(INFORMATION SUPPLIED):

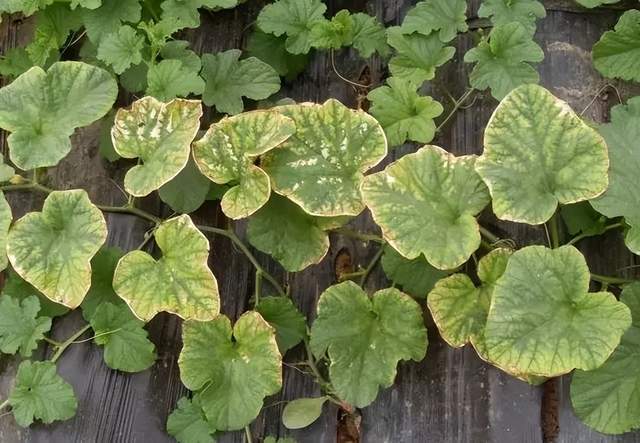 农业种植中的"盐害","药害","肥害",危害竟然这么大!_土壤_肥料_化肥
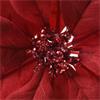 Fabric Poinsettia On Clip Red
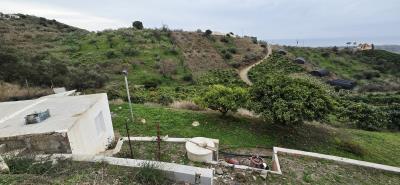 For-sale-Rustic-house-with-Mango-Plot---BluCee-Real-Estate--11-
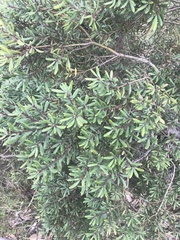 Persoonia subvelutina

(ASSIGNMENT):
Exactly as written, restate the listing above with its pictures omitted.

(TASK ANSWER):
 农业种植中的"盐害","药害","肥害",危害竟然这么大!_土壤_肥料_化肥
 Fabric Poinsettia On Clip Red
 For-sale-Rustic-house-with-Mango-Plot---BluCee-Real-Estate--11-
 Persoonia subvelutina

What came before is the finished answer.